8. Using a binary mask¶
8.1. Basic usage¶
Sometimes, you’re not interested in aggregating microarray expression samples
within regions of an atlas—you want the actual, sample-level data instead. In
this case, we provides the abagen.get_samples_in_mask()
function.
To demonstrate how this works, we’ll first make a brainmask for the left parahippocampal gyrus using the region definition from the Desikan-Killiany atlas:
>>> import nibabel as nib
>>> import pandas as pd
>>> atlas = abagen.fetch_desikan_killiany()
>>> dk = nib.load(atlas['image'])
>>> info = pd.read_csv(atlas['info'])
>>> phg = int(info.query('label == "parahippocampal" & hemisphere == "L"')['id'])

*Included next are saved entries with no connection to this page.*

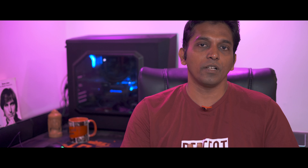Let's get a little deeper. The Rasa framework has two components. One is Rasa NLU — natural language understanding. Then you have Rasa Dialogue, or Rasa Core, which actually moderates the entire dialogue.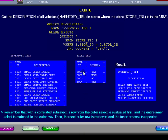As you can see, only stores S001 and S004 are in the USA. So, the descriptions returned are Solar Wind Cargo Ship, Large Work Crew Cruiser, Personal Luxury Cruiser, Large Lunar Lander, and Medium Passenger Cruiser. Please pause this presentation to study the details.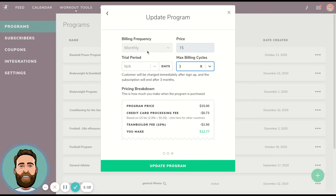If you choose quarterly and then go ahead and choose one billing cycle, they'll pay for three months upfront.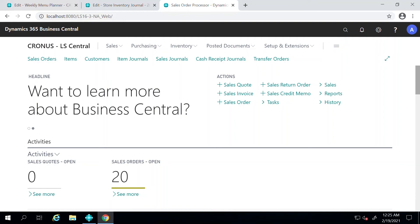Hello everyone, in this video I'm going to talk about the Weekly Menu Planner module that LS Central has to offer for their hospitality customers. The Weekly Menu Planner is a place where restaurant managers can go ahead and plan for the coming weeks, what they would like to offer to customers, and help them with material planning and all of those kinds of things.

>>> img = dk.__class__(dk.dataobj[:] == phg, dk.affine, dk.header)
We can then use this mask to obtain all the microarray samples that fall within its boundaries:
>>> expression, coords = abagen.get_samples_in_mask(mask=img)
abagen.get_samples_in_mask()
returns two objects: (1) the the samples x
gene expression matrix (exp
), and (2) an array of MNI coordinates for those
samples (coords
). Because this is using abagen.get_expression_data()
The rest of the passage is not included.